_Material provided_.
Start of Block

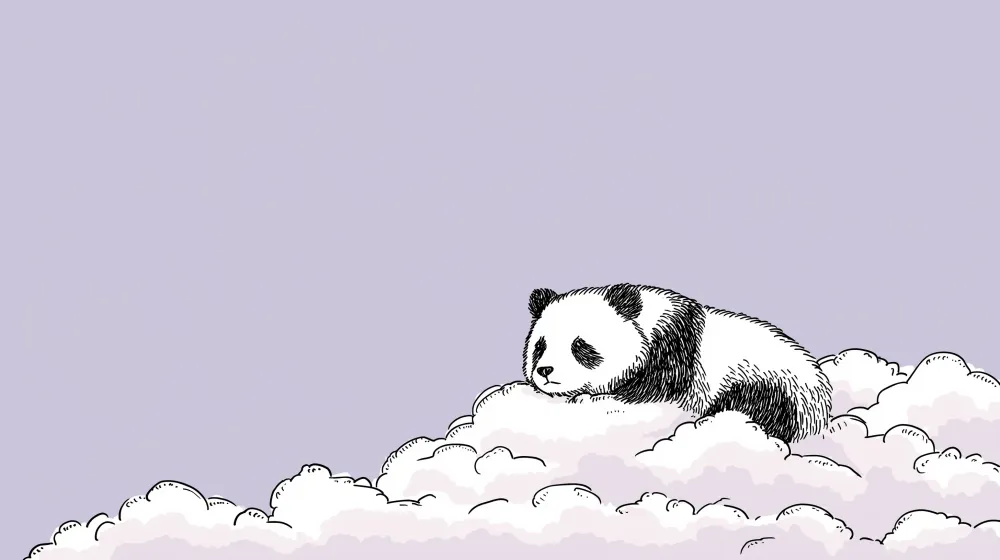 Tapet za detska staia | Panda sanjar i puhkavi oblatsi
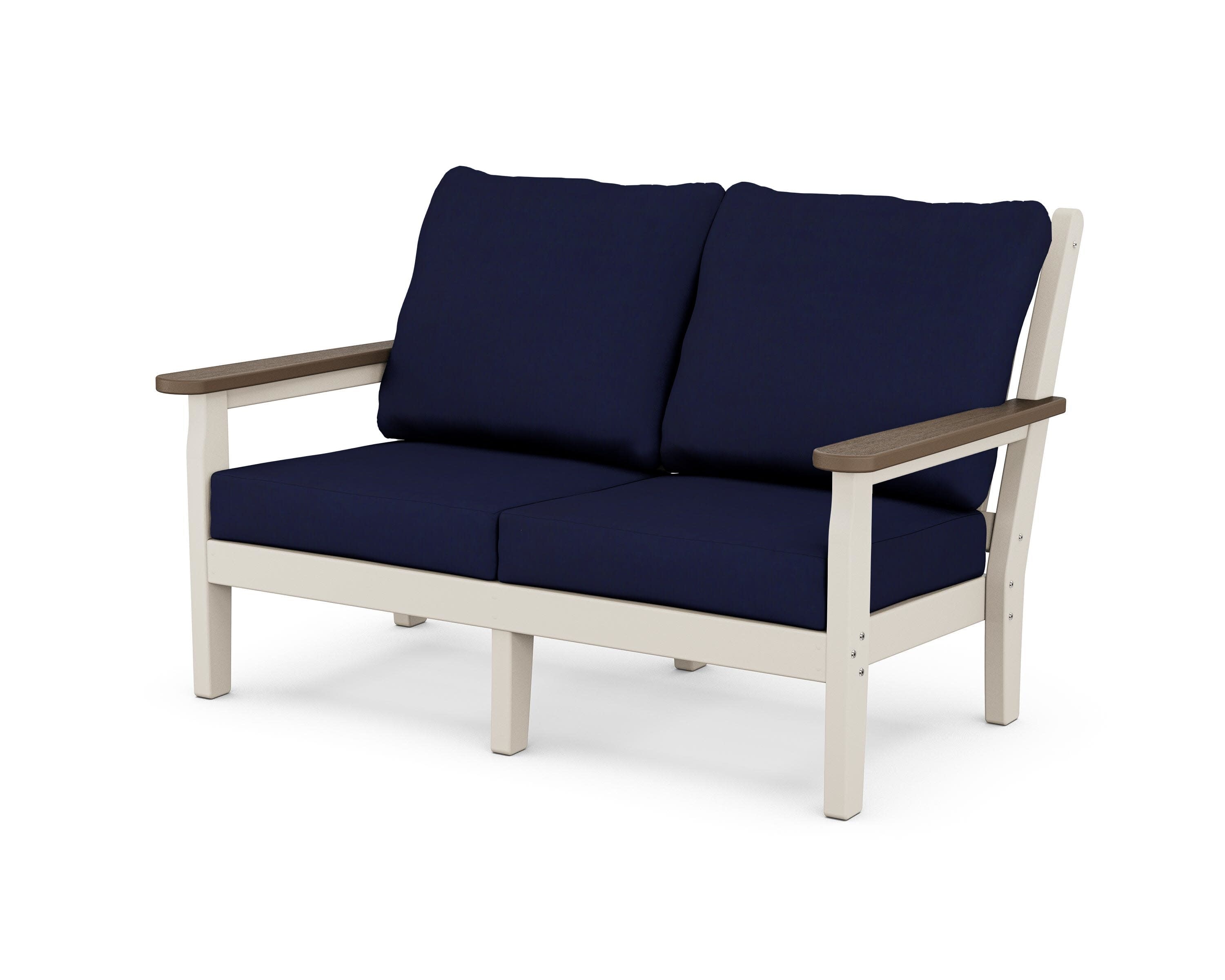 Chippendale Deep Seating Loveseat in Sand / Kona / Navy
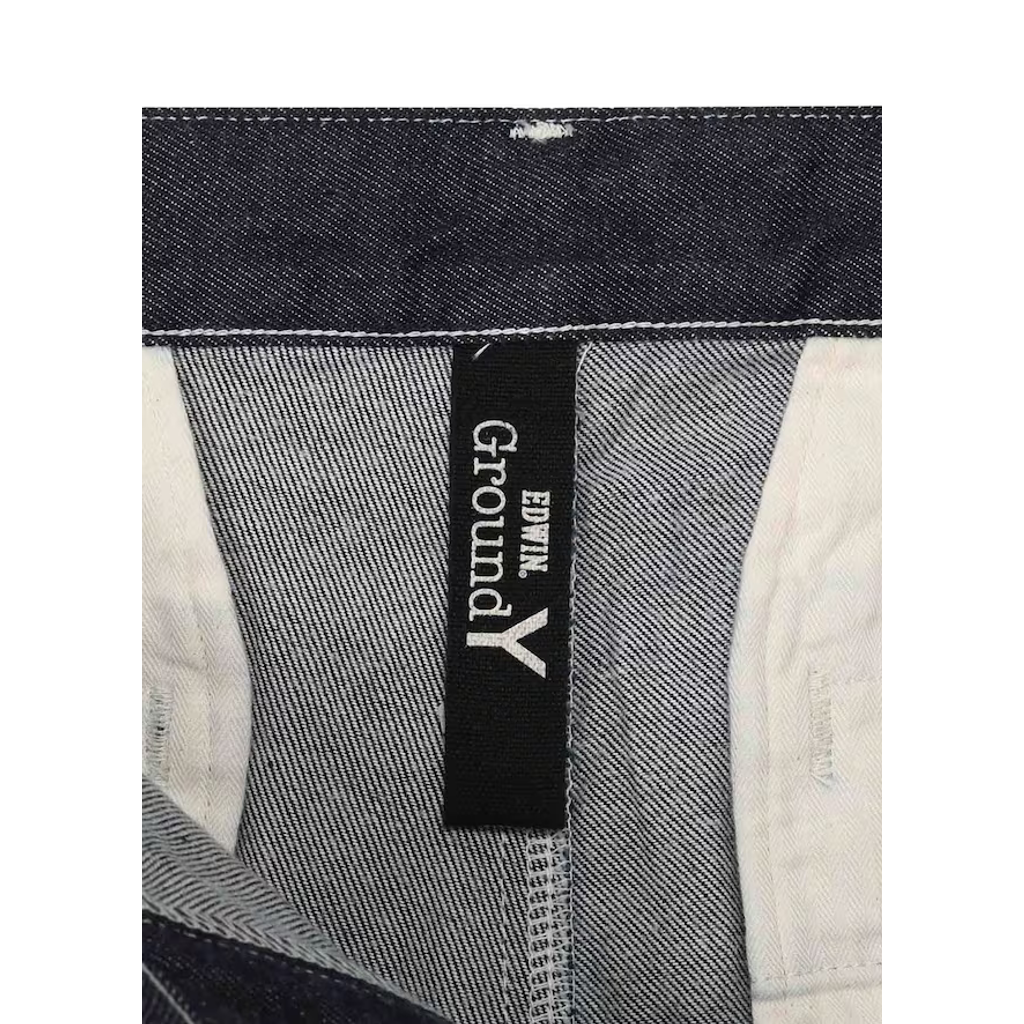 Ground Y×EDWIN 11oz INDIGO DENIM WIDE-TUCK PANTS WITH TAB DETAIL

End of Block

_Problem statement_.
Give back the full listing word for word, with the pictures left out.

_Response_.
 Tapet za detska staia | Panda sanjar i puhkavi oblatsi
 Chippendale Deep Seating Loveseat in Sand / Kona / Navy
 Ground Y×EDWIN 11oz INDIGO DENIM WIDE-TUCK PANTS WITH TAB DETAIL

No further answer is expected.